Last year, my colleague Van from the Department of Health Science and worked on an interdisciplinary study that elicits input from health care professionals regarding how librarians can better help the public with their health information needs. In the summer, we finished the study and completed the manuscript. Then, we started the long journey to get it published. So far, we got rejected by every health science journal/conference we submitted it to because they didn’t think it fit their scope/focus. We have exhausted all the possible publishing venues in health sciences and failed, and now we will turn to journals in library and information science and see if we will have better luck.

Apparently, as interdisciplinary research becomes more and more popular, this is something that needs to be addressed. In the upcoming iConference in Berlin, there’s going to be a workshop on interdisciplinarity in information science. Hopefully they will cover this topic about publishing interdisciplinary research.

2013 IFLA


Last week I went to Singapore to attend an IFLA satellite meeting, titled “Global Collaboration among Information Professionals”, where I presented my paper about iSchool faculty’s interdisciplinary engagement in teaching and research. It was a great meeting hosted by Wee Kim Wee School of Communication and Information at Nanyang Technological University in Singapore. Thirteen papers were presented at the meeting, and I was particularly interested in the ones about a particular LIS school’s effort in collaboration:

1. Shigeo Sugimoto (dean of the LIS school in University of Tsukuba, Japan) gave a talk about CiSAP, which stands for the Consortium of iSchools in Asia-Pacific. CiSAP is like a regional iSchool caucus, except that their schools don’t necessarily meet the iSchool criteria. There is no membership fee, and any LIS school in the Asia-Pacific region can join if they have five or more full time equivalent academic staff members. CiSAP was formed in 2008, and they host an annual meeting every year.

 2. Rae-Anne Montague from Illinois at Urbana-Champaign gave a talk about their schools’s recent efforts to advance international collaborations in teaching, research and service. She also highlighted the lessons learned in establishing and cultivating fruitful international collaborations.

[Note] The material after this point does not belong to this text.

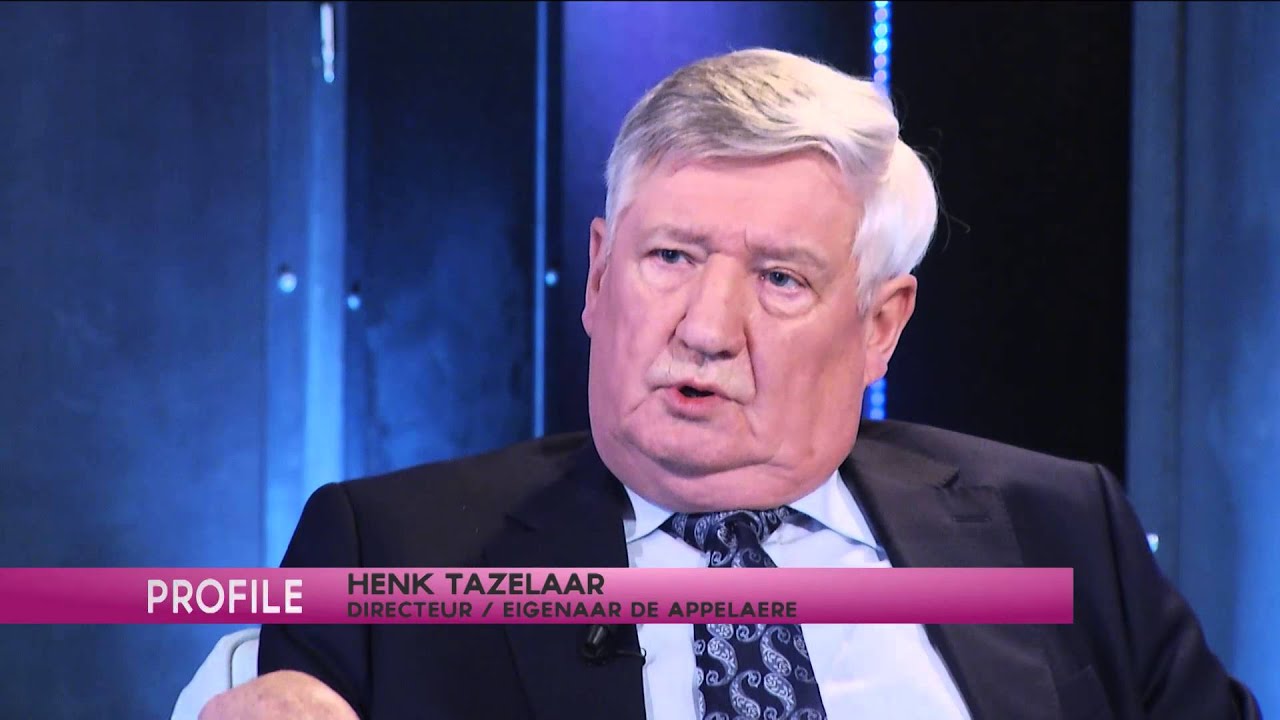 Henk Tazelaar (De Appelaere): 'Ik ben gezond en fris en ga nog even door!'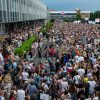 Czechia: Thousands march in support of public media funding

 3. Wooseob Jeong (interim dean at UW Milwaukee) gave a talk about their school’s international collaborations, such as the 1+1, 2+2 degree programs, summer internship programs, study abroad programs, and other active student recruitment efforts. He also talked about the challenges based on their experience with international collaboration.

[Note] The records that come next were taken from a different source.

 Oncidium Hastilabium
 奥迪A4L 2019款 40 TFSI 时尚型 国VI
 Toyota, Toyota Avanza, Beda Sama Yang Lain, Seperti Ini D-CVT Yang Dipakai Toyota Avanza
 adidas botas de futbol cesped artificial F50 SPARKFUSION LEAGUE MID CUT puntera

4. Caroline  Haythornthwaite (dean at British Columbia) gave a talk that outlined the aims and experiences at their school in joining the iSchool caucus.

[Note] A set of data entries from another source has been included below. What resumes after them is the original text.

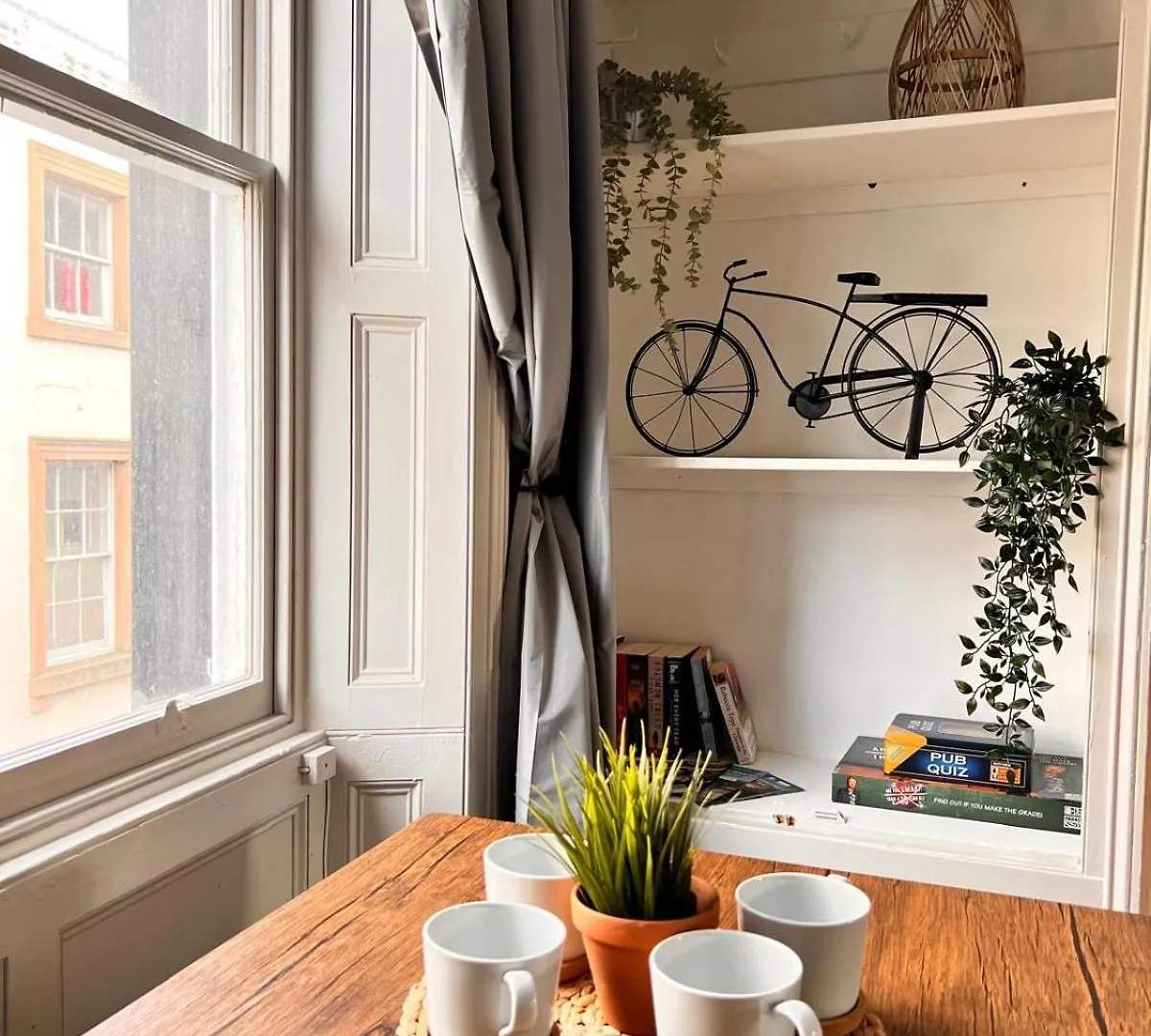 Apartamento Little Dockray Two-bed Centre Of *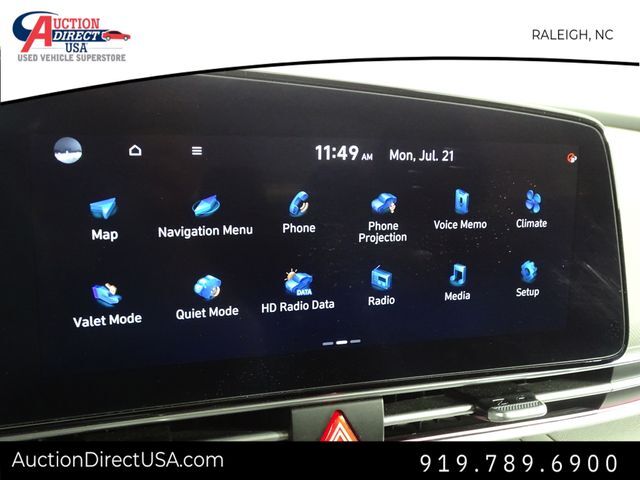 2024 Hyundai Elantra SEL Raleigh NC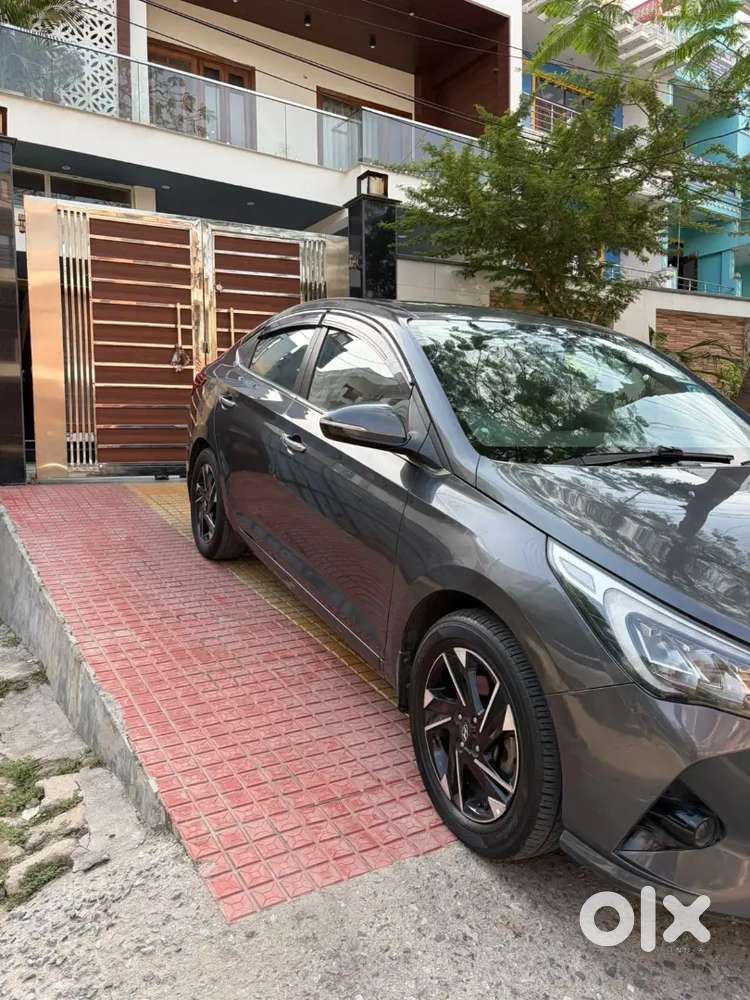Hyundai Verna 2021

5. Tom Denison from Monash University gave a talk about how they developed the masters of Information and Knolwedge Management degree at their school, and how it is informing further community engagement, collaboration, and innovation in curriculum development and delivery.

6. Gayner Erye from Aberystwyth University in UK gave a talk about the development of “Pathways to Information Leadership”, which is a professional development program to appeal to information managers in all sectors globally, by combining coverage of traditional library areas of expertise with courses covering subjects such as information governance, information strategy, risk management and information law and ethics. This program is completely online.

Among them, #4, #5 and #6 were most insightful – they gave me much to think about regarding the direction of the LIS field and the kind of education we should provide for future information professionals. As the number of jobs in the traditional library setting is decreasing, we need to seriously broaden our purview of what it means/takes to be an information professional in this day and age. I think we have to go through some sort of transformation to redefine the roles of LIS schools in preparing talents to meet the evolving needs of the society. Much is to be done, and it would be great if we could have more meetings like the IFLA satellite meeting in the future to exchange ideas and have a discussion about this important topic.